Brief Personal History
Nobutake became the family head, taking over his father Nobumune. He was Aki no kuni shugo (the provincial constable of Aki Province). Reponding to the request for the military power by Takauji ASHIKAGA who had defected from Emperor Godaigo's Kenmu government established after the fall of the Kamakura bakufu, Nobutake raised an army in 1335 and offended Yano-jo Castle (Hiroshima City) which was the headquarters of Rengaku KUMAGAI who hoisted the opposition banner. He went up to Kyoto in the next year and joined the power of Ashikaga to fight against the court's side mainly in Kinai region (the five capital provinces surrounding the ancient capitals of Nara and Kyoto).
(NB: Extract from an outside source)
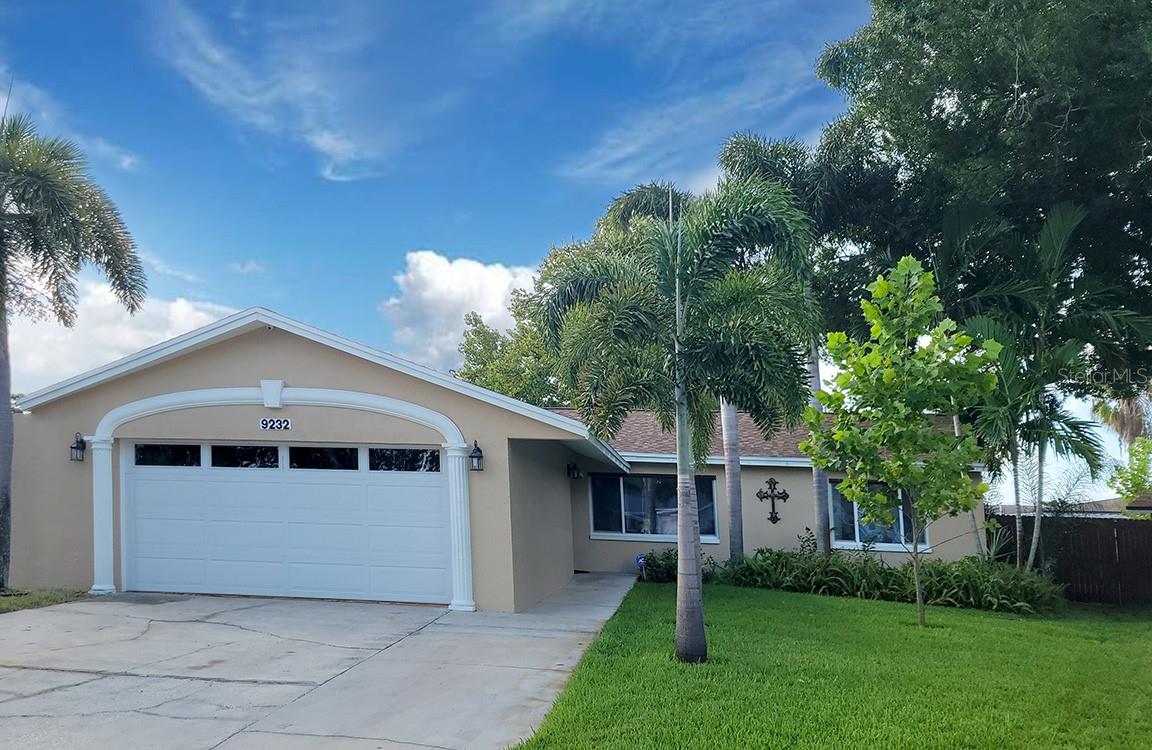 Beautiful Seminole Pool Home with Spa. This beautifully maintained custom home truly has it all—modern upgrades, exceptional outdoor living, 4-bedroom, 2-bath pool home. Thoughtfully updated with major improvements and premium features, this move-in-ready home combines comfort, efficiency, and peace of mind. Offering 1,687 square feet of comfortable living space on a desirable corner lot. The spacious chefs kitchen features barrel ceiling, granite countertops, under cabinet lighting, and overlooks the pool and patio areas, making it ideal for everyday living and entertaining. Step outside to your private backyard oasis complete with a screened pool and relaxing spa, perfect for enjoying Florida's year-round sunshine. The fully fenced yard with 5 zone irrigation system and well offers plenty of space for pets, play, and outdoor gatherings, with green grass all year round. Recent updates include a new roof, new HVAC system, fresh exterior paint, new insulated garage door with decorative windows, and a recent water heater, allowing you to move in with confidence.
 A standout feature is the oversized garage with its own dedicated 2-ton air conditioning system, making it the perfect climate-controlled workshop, fitness room, hobby space, or additional storage area. Additional upgrades include: • Whole-house natural gas backup generator • Whole-house water filtration and softener system • Whole-house dehumidifier • Automated window blinds • LED lighting throughout • Spacious primary suite featuring dual shower heads Ideally located in the heart of Seminole, this home offers easy access to downtown St. Petersburg, Tampa, award-winning Gulf beaches, top-rated schools, shopping, restaurants, parks, and Tampa International Airport. Parking space for RV or a boat. Whether you're commuting or enjoying the Florida lifestyle, this location is hard to beat.
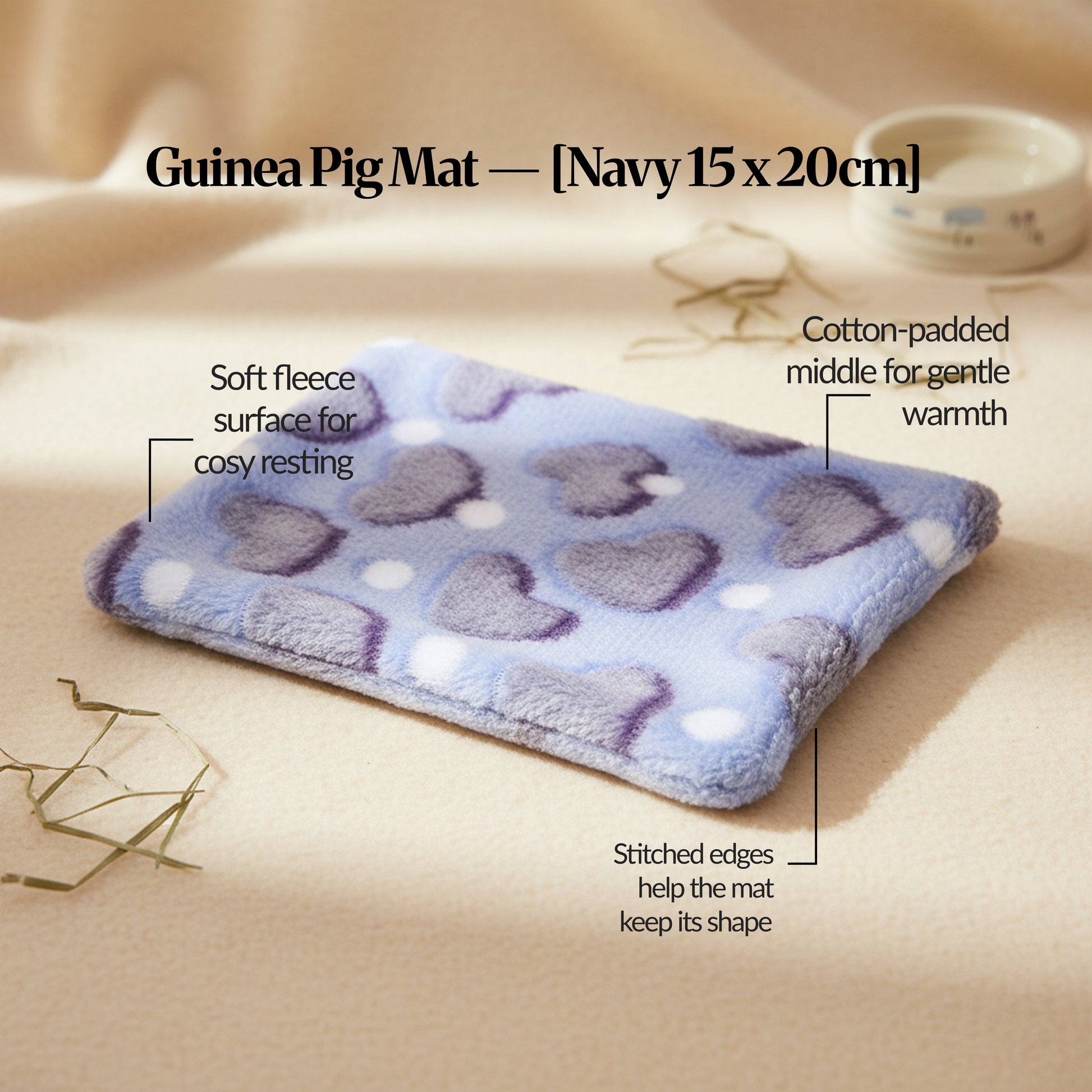 Navy guinea pig bed mat (15×20cm) plush fleece mat with cotton padding and stitched edges, photographed on a warm neutral surface with feature callouts.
He played an active role in the military action mainly in Saigoku (western part of Japan), and made an effort to calm down Aki Province.
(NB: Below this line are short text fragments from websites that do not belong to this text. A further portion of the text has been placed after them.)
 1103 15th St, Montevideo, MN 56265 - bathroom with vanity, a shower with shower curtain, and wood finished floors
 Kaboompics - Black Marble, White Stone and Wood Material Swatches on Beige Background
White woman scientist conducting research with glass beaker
In the later Kamakura period, a branch family of the Isawa-lineage Takeda clan, having a connection with the Tokuso Family of Hojo clan, inherited Kai no Shugo (the provincial constable of Kai Province) instead of the Nobutoki-lineage Takeda clan who had transferred the headquarters as Aki no Shugo. Masayoshi TAKEDA joined the Kenmu government and was certified as Kai no Shugo, but died in a battle field in 1343. Nobutake strengthened the intervention in Kai Province after Masayoshi died. There are some historical materials showing his relation to Kai Province such as the donation to Ichiren-ji Temple in 1346 and the like. A historical material that shows his appointment as Kai no Shugo amid the Kanno Disturbance which broke out due to the conflict between shogun Takauji and his younger brother Tadayoshi ASHIKAGA, implicates Nobutake's entrance into Kai Province to hunt down and kill Tadayoshi.
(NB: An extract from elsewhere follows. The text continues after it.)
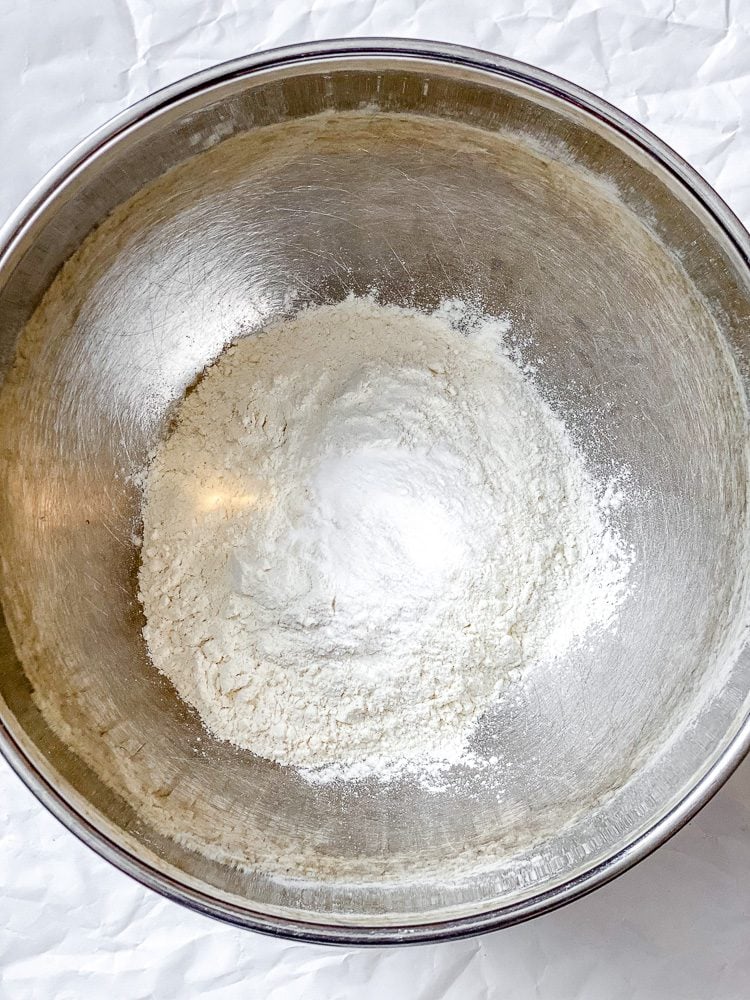 Process shot showing dry ingredients in a bowl.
Takauji strongly trusted Nobutake; in Takauji's plan to construct Tenryu-ji Temple, Nobutake cooperated in the construction together with Ogasawara clan who was Shinano Shugo. He died in 1359 according to the ihai (Buddhist mortuary tablet) in Hosen-ji Temple in Kofu City. According to a family register of deaths of Ichiren-ji Temple or Ketsuo Zeei Goroku (sayings), he died in 1362. Nobutake died in the next year and his son Nobunari TAKEDA took over; Nobutake's second son Ujinobu inherited Aki Shugo.
Nobutake was an educated man and good at Waka (Japanese poetry); his masterpieces are included in "Shin-senzai Wakashu" (New Collection of Japanese Poems of a Thousand Years).